Semien went to Oaklin Springs Cemetery in Oberlin earlier this week to inquire if she had left her husband there. But a woman in the cemetery turned her away because her husband was African American.
“I met the lady out there and she said she could NOT sell me a lot because the cemetery is a WHITES ONLY cemetery,” Semien wrote on Facebook. She even had paperwork on a clipboard showing me that only white people can be buried there. She stood in front of me and all my children. Wow what a slap in the face. ‘
CNN has contacted Semien for comment.
CNN was unable to reach Vizena for comment.
Vizena told KPLC that he was not aware of the language in the cemetery’s sales contracts, which date back to the 1950s and include the phrase “the right to burial of the remains of white people.” The issue had not been raised before, he said.
“I take full responsibility for that,” Vizena told KPLC. ‘I have been chairman of this board for a number of years now. I take full responsibility for not reading the statutes. ‘
Board members of the cemetery held an emergency meeting on Thursday to remove the clause from the contract, KPLC reported.

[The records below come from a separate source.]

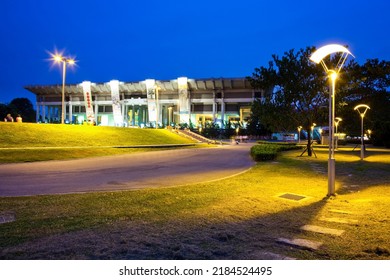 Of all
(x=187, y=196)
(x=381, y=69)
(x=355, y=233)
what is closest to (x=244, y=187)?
(x=187, y=196)

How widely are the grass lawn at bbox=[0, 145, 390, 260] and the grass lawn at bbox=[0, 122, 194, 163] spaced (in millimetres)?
13409

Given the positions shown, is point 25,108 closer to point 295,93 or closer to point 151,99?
point 151,99

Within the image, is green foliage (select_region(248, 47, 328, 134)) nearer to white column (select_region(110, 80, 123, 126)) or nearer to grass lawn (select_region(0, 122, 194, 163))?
grass lawn (select_region(0, 122, 194, 163))

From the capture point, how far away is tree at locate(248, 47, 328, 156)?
77.4ft

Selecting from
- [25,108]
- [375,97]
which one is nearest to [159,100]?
[25,108]

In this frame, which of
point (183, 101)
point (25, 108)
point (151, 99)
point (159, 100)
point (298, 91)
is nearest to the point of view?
point (298, 91)

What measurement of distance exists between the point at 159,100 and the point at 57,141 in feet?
240

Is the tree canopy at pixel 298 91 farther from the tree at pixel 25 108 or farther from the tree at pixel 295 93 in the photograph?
the tree at pixel 25 108

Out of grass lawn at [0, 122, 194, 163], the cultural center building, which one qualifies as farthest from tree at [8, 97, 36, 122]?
grass lawn at [0, 122, 194, 163]

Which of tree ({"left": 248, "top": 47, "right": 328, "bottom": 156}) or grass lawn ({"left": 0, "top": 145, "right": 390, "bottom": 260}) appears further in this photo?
tree ({"left": 248, "top": 47, "right": 328, "bottom": 156})

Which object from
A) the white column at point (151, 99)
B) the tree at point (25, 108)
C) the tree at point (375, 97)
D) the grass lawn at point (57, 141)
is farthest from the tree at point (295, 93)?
the tree at point (25, 108)

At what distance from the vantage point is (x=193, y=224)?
5895 millimetres

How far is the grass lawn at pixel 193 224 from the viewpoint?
177 inches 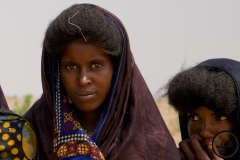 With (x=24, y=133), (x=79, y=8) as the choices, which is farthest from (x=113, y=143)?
(x=79, y=8)

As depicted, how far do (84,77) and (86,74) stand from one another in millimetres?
26

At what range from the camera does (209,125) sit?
3.84 meters

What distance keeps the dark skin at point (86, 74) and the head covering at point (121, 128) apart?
0.09 m

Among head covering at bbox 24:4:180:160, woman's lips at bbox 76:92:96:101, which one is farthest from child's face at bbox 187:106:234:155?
woman's lips at bbox 76:92:96:101

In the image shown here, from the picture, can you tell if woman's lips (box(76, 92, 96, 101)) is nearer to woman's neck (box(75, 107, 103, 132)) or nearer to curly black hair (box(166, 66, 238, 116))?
woman's neck (box(75, 107, 103, 132))

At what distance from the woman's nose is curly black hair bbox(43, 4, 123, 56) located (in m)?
0.18

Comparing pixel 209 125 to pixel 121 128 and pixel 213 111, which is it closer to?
pixel 213 111

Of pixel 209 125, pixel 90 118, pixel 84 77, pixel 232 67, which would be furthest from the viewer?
pixel 232 67

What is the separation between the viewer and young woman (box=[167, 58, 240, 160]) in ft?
12.5

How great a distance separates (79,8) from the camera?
11.8ft

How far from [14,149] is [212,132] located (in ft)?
4.33

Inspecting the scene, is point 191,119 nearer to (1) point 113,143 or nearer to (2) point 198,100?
(2) point 198,100

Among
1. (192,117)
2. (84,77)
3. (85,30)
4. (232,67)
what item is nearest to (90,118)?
(84,77)

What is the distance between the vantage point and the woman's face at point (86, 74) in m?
3.48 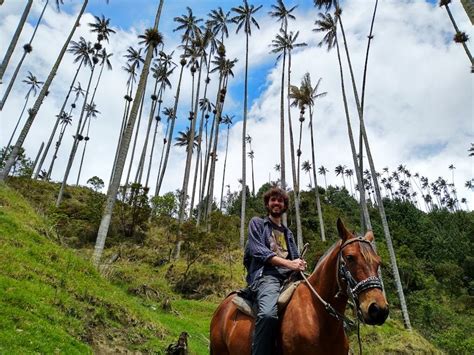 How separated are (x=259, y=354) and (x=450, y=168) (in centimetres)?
11532

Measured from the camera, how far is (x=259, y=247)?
13.9 feet

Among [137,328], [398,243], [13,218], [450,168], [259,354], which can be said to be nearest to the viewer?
[259,354]

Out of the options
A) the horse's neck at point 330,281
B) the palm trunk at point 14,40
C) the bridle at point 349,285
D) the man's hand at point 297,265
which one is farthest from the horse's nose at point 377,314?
the palm trunk at point 14,40

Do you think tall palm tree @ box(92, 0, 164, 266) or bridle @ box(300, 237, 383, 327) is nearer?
bridle @ box(300, 237, 383, 327)

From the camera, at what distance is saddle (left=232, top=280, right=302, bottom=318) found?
393 cm

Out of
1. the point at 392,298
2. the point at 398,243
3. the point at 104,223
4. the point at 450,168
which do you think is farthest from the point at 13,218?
the point at 450,168

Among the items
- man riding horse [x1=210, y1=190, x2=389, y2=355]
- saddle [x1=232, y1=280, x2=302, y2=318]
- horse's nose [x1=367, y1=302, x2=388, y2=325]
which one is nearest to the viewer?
horse's nose [x1=367, y1=302, x2=388, y2=325]

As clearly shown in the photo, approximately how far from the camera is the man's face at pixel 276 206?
4629 millimetres

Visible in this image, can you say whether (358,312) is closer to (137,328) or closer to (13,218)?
(137,328)

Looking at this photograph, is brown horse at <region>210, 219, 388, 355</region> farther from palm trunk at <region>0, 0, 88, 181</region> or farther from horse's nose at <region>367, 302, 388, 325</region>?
palm trunk at <region>0, 0, 88, 181</region>

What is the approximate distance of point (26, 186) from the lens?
33344mm

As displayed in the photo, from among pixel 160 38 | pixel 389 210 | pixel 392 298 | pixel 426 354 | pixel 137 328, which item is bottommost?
pixel 426 354

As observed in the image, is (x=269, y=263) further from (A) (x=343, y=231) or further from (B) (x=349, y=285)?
(B) (x=349, y=285)

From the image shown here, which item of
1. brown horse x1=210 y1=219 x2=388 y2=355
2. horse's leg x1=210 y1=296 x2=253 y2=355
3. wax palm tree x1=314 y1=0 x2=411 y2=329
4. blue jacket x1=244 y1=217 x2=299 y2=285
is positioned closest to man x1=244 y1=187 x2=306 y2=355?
blue jacket x1=244 y1=217 x2=299 y2=285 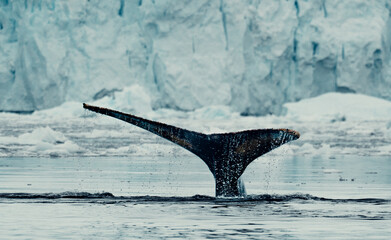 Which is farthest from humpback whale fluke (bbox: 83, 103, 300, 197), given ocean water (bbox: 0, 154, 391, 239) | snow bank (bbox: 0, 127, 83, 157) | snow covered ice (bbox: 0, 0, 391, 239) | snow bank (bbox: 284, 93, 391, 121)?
snow bank (bbox: 284, 93, 391, 121)

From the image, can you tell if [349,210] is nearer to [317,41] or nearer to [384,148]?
[384,148]

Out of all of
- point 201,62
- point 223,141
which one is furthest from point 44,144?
point 201,62

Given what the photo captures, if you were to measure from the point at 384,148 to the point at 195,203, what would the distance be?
16.0m

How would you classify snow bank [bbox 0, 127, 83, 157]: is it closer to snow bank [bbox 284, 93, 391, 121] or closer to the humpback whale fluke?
the humpback whale fluke

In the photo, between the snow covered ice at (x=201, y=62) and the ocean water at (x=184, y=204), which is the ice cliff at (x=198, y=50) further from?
the ocean water at (x=184, y=204)

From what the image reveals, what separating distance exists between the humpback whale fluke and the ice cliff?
38.4 m

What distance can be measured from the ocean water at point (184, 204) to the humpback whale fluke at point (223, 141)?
46 cm

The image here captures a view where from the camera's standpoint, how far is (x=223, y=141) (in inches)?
334

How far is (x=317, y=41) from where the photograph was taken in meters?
47.4

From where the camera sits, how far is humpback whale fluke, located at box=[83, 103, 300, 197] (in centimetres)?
830

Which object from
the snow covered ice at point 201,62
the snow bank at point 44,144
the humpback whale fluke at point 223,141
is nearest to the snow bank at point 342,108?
the snow covered ice at point 201,62

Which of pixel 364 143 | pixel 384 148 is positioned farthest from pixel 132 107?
pixel 384 148

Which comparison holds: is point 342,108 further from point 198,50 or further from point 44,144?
point 44,144

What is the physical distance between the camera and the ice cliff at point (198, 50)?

Vizena apologized, saying he had offered the family one of the lots he owns so that Darrell Semien could be buried there. But the damage was done and they refused.
Segregated cemeteries have a long history in the US, and remnants of those dark chapters remain to this day.
The Louisiana ACLU urged the Oaklin Springs Cemetery Association to remove all references to “whites only” from its statutes, citing the 1948 Supreme Court decision in Shelley v. Kraemer, banning race covenants in housing.
“It is unscrupulous and unacceptable that the Semien family – or anyone else – faces such blatant racial discrimination, especially at a time of grief and grief,” the organization wrote in a letter.